When you're the best, you make your own rules
There is a certain rhythm to NRL games, even when very good rugby league teams are involved. But not as far as Penrith is concerned.
There is not a moment, on either side of the ball, that you truly know what is going to happen.
Offloads and clever plays are one thing, but when the play breaks down, no team (maybe ever) is more dangerous.
All across the park — from To'o to Tago, Crichton to Cleary, Koroisau to Kikau, and Luai all on his own — if the ball goes to ground, they can wreck the suddenly frozen or relaxed defence at will.
It's part of why teams get so frustrated against them — 'I passed the test, I shut you down, why won't you just stop?'.
In defence it's a similar story.
Attackers are supposed to have a couple of tackles to truck it off their own tryline. Maybe they don't get as far as they want to, but that's usually it.
When Penrith is defending, they attack. There's no spot too far away from the tryline that they can't drag you back into the in-goal. There's nowhere within 20 minutes of the sideline that you're not under threat of being lobbed into touch.
Fall asleep for one second, think you've got things in hand for a moment and that's when they pounce.
Cameron Munster is still Melbourne's north star
Without Papenhuyzen and Hughes, it was left up to Munster to embody the title of "pivot" more than ever before. And he did his level best.

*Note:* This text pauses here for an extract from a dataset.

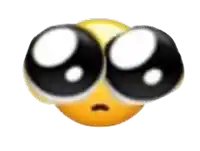 a close up of a smiley face with big eyes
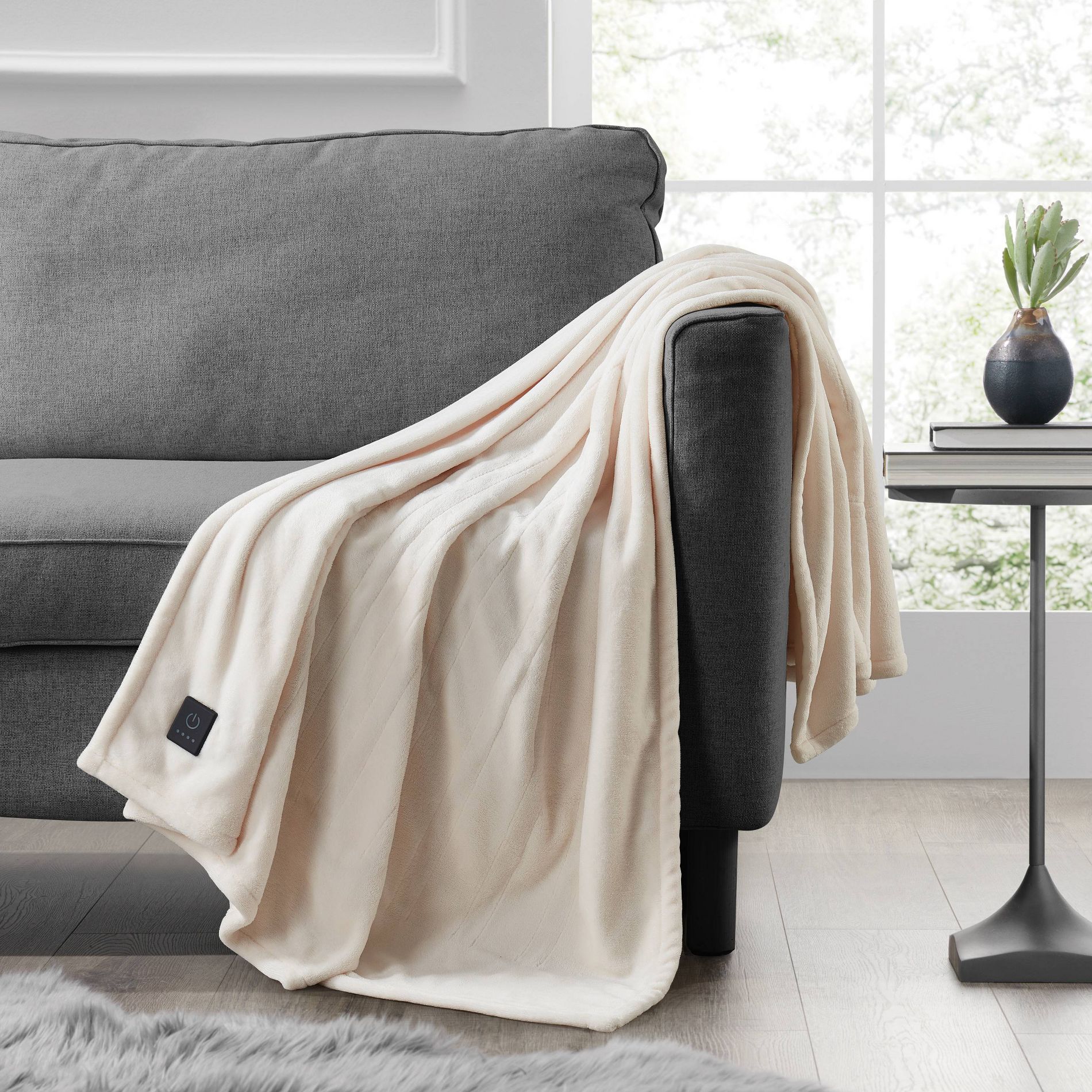 Brookstone Heated Solid Plush Throw Ivory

His swirling kick-off found the grass, then he forced a knock-on from Jarome Luai, and launched a torpedo bomb that again bamboozled the Panthers' back three.
Later, he found the in-goal with another uncatchable bomb, and when Taylan May Houdini'd his way past four would-be Storm tacklers and out of danger, Munster took it upon himself to rip the ball out of Dylan Edwards's hands.
He got the ball soon after and chipped over the top for Nick Meaney and the Storm's only try of the night.
Late in the first half he somehow stared down a rampaging Stephen Crichton and held him up basically all on his own.
It all ended up being for nought — fighting Penrith while undermanned is like fighting the tide with handful of sand — but his performance showed how hard he is willing to fight for this side and what he can do.
If only he had a little more support we might have had something close to a contest.